At 44, the "White Buffalo" is well past his prime. After 60 professional fights, even the twilight years are long gone.

His pot belly displays the afterglow of numerous Castle lagers and hearty South African steaks.

But this former boxing champion has taken shots from some of the best - Mike Tyson, Lennox Lewis, Evander Holyfield, just to cite a few. And, for that reason, Botha feels Kiwi rugby/league star Sonny Bill Williams is not in his league. Not even close.

Williams is, apparently, set for a beating on November 21 in Durban.

"I see Sonny Bill getting knocked out, legs shaking on the floor and lips trembling," Botha told Sunday News.

His arrogance is borne from experience.

Botha's headline fights in the 1990s contributed to substantial career earnings that even Williams cannot yet match.

"I'm looking at more than $10 million," Botha said.

"Once you establish yourself in boxing, then the big fights come.
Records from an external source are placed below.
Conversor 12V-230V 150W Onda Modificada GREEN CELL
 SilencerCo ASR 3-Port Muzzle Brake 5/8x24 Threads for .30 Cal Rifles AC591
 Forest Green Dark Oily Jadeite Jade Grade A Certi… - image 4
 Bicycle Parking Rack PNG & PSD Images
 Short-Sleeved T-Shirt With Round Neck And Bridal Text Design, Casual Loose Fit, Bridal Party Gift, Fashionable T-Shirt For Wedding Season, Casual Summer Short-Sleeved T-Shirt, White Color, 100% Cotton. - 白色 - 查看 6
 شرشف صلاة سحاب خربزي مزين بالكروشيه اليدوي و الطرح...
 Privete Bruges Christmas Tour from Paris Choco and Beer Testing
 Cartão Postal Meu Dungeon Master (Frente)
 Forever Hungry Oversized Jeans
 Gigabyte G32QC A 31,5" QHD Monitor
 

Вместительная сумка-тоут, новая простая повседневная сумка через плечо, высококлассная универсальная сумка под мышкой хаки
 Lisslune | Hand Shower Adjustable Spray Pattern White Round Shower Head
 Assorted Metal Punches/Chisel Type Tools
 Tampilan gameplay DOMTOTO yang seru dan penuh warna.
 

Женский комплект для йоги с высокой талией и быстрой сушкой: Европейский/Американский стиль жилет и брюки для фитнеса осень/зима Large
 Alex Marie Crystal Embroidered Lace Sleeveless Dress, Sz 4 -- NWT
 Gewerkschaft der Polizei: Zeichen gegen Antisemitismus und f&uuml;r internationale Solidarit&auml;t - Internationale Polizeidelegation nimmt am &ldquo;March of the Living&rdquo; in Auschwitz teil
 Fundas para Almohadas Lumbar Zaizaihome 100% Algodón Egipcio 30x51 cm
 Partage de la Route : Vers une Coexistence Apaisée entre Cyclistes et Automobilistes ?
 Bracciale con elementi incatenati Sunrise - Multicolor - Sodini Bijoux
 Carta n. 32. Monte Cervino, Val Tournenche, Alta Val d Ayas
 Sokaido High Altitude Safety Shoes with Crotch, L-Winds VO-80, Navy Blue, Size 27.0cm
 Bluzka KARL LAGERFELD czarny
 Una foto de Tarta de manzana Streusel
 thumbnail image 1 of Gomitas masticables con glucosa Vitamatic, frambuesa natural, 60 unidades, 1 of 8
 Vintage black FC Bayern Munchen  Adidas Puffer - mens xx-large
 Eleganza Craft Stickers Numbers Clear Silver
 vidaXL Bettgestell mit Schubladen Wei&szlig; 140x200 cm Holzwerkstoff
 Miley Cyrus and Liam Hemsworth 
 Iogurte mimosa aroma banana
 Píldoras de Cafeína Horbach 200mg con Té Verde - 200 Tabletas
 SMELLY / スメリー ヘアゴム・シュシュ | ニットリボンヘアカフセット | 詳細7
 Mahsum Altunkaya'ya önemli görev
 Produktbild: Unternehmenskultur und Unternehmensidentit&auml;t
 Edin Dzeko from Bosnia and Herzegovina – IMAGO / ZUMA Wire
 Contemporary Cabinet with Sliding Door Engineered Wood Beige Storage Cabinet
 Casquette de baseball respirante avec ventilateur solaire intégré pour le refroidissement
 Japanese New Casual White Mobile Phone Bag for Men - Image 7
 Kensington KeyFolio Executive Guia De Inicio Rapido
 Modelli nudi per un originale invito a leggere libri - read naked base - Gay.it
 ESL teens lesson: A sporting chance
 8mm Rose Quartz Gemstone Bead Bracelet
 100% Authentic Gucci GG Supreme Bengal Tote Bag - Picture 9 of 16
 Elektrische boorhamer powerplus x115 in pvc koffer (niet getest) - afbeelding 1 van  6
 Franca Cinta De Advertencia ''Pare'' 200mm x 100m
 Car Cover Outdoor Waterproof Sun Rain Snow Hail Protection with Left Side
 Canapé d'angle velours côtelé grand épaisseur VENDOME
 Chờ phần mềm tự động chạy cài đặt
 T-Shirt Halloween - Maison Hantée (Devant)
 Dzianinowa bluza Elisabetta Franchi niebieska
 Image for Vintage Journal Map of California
Then you can make a huge amount of money."

It's no wonder he is a well-known, if not renowned, heavyweight.

In his heyday, when the division of giants had a strong pulse, Botha claimed the IBF title in 1995 with victory over German Axel Schulz, only to be stripped of the crown for steroid use. At that point he was 36-0.

The fight with Tyson in 1999 remains his fondest memory, despite being knocked out in the fifth round by an electrifying right hand.

Botha was Tyson's first opponent after returning from his 19-month exile for biting Holyfield's ear.

"The Mike Tyson fight always stands out. Everybody will always remember Tyson. He had knocked out everybody. No one gave me a shot of lasting five minutes."

Since then, Botha has experienced four brutal years of mixed martial arts in Japan, where he suffered a broken leg, before returning to his traditional trade.

"They flew me right to the top. I didn't know anything about kick boxing and those guys kicked the shit out of me. It took me a while before I really started getting into it.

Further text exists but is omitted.